Stored items
>>>>>

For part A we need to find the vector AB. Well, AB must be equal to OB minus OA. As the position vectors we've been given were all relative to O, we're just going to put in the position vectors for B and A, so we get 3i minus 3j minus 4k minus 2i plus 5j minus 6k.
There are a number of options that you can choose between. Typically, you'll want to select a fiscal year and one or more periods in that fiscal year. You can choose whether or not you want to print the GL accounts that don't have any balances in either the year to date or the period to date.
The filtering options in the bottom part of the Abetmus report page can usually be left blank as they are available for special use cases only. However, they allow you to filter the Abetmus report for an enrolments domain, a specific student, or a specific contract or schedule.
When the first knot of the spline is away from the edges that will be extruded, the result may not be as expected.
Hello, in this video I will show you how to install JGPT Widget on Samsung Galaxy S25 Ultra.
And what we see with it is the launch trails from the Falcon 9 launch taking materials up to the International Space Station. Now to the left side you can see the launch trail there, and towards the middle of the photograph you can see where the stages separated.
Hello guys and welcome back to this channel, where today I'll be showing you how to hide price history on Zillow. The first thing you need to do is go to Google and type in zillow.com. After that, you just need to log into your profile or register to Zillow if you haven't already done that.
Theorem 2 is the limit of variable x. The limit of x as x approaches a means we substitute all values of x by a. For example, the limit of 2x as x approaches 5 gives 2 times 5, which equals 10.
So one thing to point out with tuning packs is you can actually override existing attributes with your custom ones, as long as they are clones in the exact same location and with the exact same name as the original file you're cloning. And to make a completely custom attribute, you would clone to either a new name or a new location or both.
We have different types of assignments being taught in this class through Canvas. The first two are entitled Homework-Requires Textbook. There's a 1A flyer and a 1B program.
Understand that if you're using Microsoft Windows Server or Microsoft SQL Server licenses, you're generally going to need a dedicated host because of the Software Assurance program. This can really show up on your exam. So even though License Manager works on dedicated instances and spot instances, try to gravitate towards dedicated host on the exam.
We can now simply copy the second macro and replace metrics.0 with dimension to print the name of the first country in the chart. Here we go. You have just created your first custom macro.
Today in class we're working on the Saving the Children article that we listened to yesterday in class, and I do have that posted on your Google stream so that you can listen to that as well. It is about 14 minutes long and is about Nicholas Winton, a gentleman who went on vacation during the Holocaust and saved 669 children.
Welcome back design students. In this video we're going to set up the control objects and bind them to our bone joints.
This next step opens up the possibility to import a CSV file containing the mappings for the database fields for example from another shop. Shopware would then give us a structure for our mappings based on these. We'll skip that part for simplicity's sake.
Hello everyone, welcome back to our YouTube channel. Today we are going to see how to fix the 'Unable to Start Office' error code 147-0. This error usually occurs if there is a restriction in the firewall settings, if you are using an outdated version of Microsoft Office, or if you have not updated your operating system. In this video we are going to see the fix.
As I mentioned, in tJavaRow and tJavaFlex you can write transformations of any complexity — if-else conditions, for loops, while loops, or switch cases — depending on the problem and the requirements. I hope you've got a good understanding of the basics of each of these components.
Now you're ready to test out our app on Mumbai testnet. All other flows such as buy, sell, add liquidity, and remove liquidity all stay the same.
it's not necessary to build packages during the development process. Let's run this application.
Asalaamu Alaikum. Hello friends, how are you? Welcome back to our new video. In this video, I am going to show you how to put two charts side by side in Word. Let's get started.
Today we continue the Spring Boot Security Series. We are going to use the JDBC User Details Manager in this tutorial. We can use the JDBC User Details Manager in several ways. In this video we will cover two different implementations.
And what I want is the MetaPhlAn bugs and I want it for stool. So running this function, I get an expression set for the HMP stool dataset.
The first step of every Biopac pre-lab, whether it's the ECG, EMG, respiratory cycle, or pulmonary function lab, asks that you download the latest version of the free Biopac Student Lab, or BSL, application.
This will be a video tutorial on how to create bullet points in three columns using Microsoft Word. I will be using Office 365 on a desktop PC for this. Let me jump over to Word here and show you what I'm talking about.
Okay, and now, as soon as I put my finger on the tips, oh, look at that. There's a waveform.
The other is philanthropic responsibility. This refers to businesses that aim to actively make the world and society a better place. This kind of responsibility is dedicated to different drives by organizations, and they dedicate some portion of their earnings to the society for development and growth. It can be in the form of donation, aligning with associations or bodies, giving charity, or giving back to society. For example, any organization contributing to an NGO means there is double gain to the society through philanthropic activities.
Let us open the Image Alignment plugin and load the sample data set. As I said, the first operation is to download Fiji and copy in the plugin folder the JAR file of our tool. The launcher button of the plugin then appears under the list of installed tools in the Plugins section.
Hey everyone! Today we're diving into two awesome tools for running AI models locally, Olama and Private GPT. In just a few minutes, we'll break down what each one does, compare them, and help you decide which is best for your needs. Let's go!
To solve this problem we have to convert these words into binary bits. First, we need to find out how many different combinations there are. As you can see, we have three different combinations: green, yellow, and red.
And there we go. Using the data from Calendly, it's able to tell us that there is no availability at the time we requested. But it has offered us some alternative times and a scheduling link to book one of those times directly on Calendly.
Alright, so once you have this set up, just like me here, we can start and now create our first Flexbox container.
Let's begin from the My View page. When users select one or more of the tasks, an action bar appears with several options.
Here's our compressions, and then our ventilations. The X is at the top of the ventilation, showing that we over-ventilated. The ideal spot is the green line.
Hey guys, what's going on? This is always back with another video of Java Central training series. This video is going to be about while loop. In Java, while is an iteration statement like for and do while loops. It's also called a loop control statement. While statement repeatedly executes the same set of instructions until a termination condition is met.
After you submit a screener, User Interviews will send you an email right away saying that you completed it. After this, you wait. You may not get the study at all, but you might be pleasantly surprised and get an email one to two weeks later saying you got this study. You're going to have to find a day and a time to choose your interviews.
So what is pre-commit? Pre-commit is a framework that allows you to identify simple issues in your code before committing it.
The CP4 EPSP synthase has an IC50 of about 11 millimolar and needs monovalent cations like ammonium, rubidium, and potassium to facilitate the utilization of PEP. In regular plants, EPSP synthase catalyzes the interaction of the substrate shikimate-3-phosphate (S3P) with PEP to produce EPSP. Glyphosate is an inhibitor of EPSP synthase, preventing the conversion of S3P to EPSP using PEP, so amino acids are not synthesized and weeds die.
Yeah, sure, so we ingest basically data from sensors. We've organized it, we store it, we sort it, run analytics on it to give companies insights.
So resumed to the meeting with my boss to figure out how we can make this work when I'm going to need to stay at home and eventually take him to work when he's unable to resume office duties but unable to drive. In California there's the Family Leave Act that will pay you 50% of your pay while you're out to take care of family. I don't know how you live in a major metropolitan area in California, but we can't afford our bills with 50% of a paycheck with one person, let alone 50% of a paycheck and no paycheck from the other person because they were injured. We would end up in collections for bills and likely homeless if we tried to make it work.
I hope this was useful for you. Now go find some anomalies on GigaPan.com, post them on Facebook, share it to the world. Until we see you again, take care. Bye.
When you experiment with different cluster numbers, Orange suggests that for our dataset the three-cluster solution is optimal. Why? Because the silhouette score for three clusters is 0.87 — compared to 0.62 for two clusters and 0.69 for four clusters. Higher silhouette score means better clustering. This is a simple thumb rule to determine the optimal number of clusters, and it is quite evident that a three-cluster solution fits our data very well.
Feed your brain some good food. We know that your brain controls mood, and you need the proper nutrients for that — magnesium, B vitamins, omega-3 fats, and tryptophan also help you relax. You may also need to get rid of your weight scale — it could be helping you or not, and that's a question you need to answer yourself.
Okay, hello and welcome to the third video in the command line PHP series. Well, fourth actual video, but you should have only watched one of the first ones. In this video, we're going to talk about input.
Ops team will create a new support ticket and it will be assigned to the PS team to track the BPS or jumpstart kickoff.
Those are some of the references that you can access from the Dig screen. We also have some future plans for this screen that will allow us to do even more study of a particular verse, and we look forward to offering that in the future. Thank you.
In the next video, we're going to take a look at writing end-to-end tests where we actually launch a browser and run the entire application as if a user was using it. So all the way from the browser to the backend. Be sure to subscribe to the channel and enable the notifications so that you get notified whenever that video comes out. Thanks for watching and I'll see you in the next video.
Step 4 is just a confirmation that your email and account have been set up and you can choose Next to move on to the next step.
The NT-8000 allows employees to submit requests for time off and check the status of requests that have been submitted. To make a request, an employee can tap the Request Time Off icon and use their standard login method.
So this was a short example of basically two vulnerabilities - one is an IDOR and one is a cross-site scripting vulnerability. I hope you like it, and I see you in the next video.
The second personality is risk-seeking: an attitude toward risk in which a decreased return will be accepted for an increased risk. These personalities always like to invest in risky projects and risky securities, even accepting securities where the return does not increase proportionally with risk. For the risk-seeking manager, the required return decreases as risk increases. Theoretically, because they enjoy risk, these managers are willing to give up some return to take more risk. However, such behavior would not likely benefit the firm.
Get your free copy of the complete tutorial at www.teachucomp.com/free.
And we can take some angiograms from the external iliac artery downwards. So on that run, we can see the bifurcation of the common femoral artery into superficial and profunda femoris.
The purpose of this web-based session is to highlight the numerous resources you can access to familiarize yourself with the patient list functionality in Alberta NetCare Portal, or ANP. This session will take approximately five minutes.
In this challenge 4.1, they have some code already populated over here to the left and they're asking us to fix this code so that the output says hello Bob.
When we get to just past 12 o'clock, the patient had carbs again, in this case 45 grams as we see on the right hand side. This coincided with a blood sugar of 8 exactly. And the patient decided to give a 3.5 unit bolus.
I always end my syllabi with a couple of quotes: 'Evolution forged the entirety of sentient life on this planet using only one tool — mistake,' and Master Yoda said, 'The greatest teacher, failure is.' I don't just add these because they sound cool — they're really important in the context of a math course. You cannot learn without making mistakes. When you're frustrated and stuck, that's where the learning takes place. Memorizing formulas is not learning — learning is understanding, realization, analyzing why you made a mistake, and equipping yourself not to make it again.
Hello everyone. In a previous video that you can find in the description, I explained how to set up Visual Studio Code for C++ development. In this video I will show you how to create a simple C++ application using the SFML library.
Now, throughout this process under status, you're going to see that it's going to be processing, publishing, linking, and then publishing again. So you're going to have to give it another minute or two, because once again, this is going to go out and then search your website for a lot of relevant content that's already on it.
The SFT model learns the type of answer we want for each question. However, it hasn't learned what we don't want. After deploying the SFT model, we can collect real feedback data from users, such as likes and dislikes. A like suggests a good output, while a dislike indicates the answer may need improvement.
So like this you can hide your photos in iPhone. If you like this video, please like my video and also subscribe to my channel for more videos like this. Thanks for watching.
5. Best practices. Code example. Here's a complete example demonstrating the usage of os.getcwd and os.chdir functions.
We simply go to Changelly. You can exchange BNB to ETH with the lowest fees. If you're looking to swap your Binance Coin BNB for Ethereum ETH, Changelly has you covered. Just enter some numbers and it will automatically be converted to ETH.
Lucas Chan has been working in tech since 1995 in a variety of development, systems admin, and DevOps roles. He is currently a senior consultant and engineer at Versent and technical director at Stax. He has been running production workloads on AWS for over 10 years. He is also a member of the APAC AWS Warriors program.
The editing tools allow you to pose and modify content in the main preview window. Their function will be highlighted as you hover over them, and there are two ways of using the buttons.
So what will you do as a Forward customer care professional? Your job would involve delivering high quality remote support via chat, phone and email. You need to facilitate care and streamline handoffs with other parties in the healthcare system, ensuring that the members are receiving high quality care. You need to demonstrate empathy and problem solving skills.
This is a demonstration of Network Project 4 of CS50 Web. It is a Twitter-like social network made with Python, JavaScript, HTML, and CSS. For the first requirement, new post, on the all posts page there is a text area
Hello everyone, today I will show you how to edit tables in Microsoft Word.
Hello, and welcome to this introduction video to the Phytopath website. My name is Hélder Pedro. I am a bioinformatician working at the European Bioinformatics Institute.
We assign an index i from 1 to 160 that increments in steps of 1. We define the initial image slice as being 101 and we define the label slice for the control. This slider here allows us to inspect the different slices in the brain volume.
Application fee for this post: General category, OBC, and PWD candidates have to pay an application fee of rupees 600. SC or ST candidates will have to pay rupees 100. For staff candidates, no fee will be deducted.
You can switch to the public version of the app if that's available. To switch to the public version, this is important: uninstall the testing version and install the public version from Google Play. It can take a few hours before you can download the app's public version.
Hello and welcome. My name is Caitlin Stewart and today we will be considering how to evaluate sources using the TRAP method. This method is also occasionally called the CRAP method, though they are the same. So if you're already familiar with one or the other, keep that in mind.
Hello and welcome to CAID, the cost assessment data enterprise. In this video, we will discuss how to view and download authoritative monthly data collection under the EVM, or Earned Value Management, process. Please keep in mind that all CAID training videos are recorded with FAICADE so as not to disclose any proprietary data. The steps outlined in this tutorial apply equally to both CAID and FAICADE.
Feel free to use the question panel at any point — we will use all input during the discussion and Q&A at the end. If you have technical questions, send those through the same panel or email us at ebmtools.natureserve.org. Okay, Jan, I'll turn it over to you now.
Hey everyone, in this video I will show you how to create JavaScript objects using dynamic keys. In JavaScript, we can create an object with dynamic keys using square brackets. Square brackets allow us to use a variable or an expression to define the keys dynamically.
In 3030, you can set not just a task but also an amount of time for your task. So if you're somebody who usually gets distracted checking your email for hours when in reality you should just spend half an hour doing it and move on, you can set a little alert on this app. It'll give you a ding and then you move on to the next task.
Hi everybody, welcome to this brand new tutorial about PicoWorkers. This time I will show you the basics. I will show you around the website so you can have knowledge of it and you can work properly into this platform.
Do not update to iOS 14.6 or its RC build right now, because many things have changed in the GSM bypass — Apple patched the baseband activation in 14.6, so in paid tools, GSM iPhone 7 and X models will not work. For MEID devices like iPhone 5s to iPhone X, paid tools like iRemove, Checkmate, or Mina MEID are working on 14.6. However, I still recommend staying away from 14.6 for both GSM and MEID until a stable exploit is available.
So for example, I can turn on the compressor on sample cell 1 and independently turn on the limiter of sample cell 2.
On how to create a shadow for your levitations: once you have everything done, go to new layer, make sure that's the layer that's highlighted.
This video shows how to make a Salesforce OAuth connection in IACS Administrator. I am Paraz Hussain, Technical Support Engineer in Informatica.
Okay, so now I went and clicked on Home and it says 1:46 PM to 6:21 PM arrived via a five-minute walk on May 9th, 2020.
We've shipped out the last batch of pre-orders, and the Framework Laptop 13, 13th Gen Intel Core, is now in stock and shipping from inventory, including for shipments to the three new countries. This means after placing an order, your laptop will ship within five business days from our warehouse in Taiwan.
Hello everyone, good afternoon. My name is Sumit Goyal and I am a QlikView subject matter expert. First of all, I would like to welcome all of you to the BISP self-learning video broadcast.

<<<<<

* Required action: For every line above that holds the word "during", report the whole line.

* Response for this exercise:
Today in class we're working on the Saving the Children article that we listened to yesterday in class, and I do have that posted on your Google stream so that you can listen to that as well. It is about 14 minutes long and is about Nicholas Winton, a gentleman who went on vacation during the Holocaust and saved 669 children.
it's not necessary to build packages during the development process. Let's run this application.
Feel free to use the question panel at any point — we will use all input during the discussion and Q&A at the end. If you have technical questions, send those through the same panel or email us at ebmtools.natureserve.org. Okay, Jan, I'll turn it over to you now.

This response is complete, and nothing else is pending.